Using the skills and knowledge acquired from this lab, answer the following post-lab question(s) on Blackboard. Due one week after the lab.

How is the approach of using polling to read input differ then using interrupt? Which one is better? Submit your answer on Blackboard.
The Taylor Series expansion code is written in a manner that's modular and somewhat easy to understand but not in an optimized manner in terms of fast execution. Using techniques that you've learned in class and your knowledge of assembly instruction, modify the code between timer start and timer end, including the helper function and any related variables, so there's at least 20% improvement in speed to execute the code.
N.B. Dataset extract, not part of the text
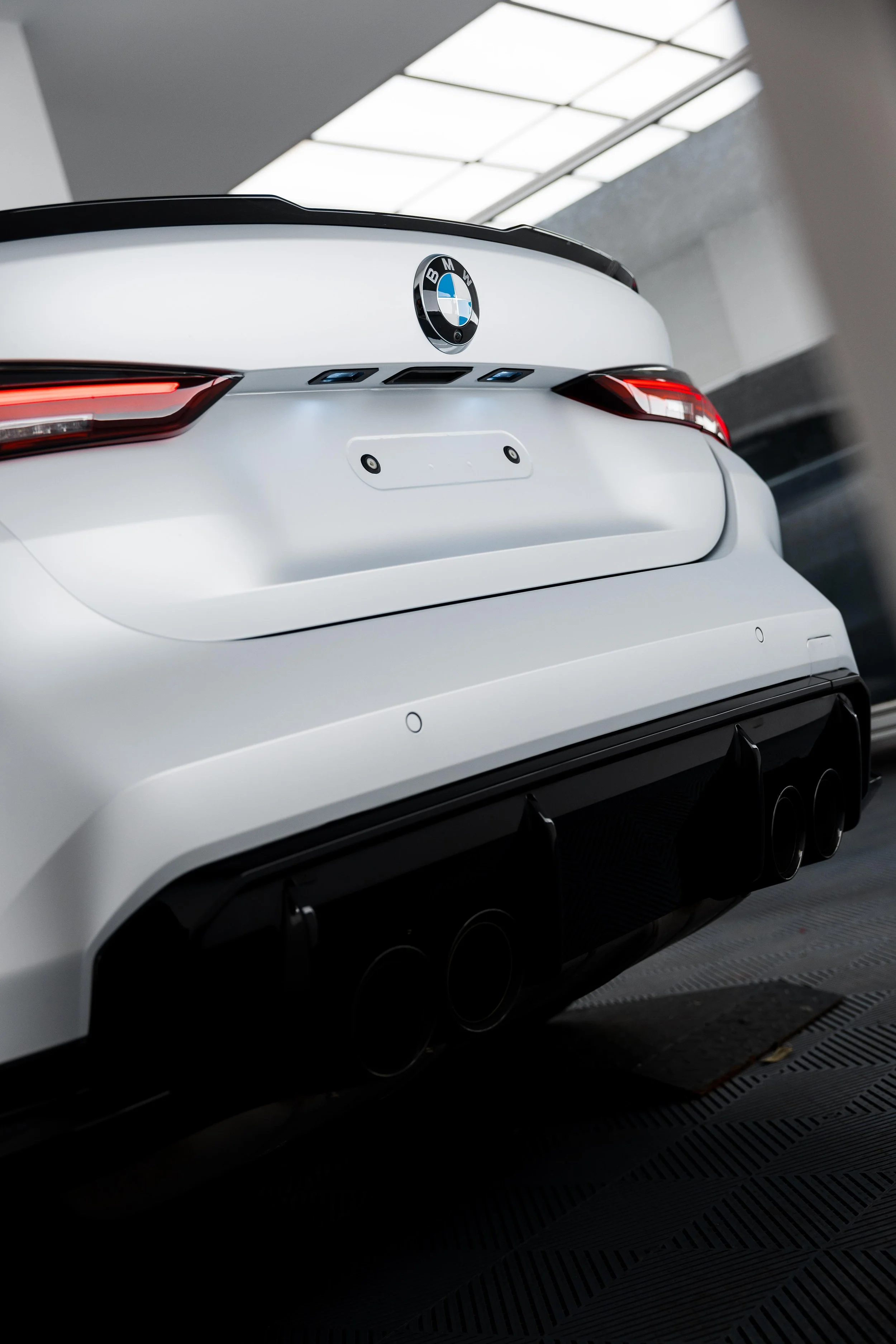 White BMW M4 Competition rear bumper with XPEL Paint Protection Film in Mona Vale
For every change and optimization you made, provide a brief reason on how it improve execution time.

Hints and limiations:
- You may modify the code in C or re-write the code in assembly or use inline assembly
- You may add or remove any variables or functions
- The degree of the approximation is fixed at 11 (ie. it does not need to be a variable)
- You may perform pre-calculation as you see fit
- sin(x) must be calculated inside the while loop using taylor series expansion, ie. Term1 + Term2 + ...
- You cannot use a SIN function lookup table
Paste your code, explanation of every changes, and a screenshot of the terminal output before and after optimization on blackboard. The output value after optimization should be very similar to the value after optimization.

Challenge: Achieve at least 50% improvement in speed.

Reference

[1] Yiu, J. (2013). The Definitive Guide to ARM® Cortex®-M3 and Cortex®-M4 Processors. (3rd ed.). Elsevier Science & Technology.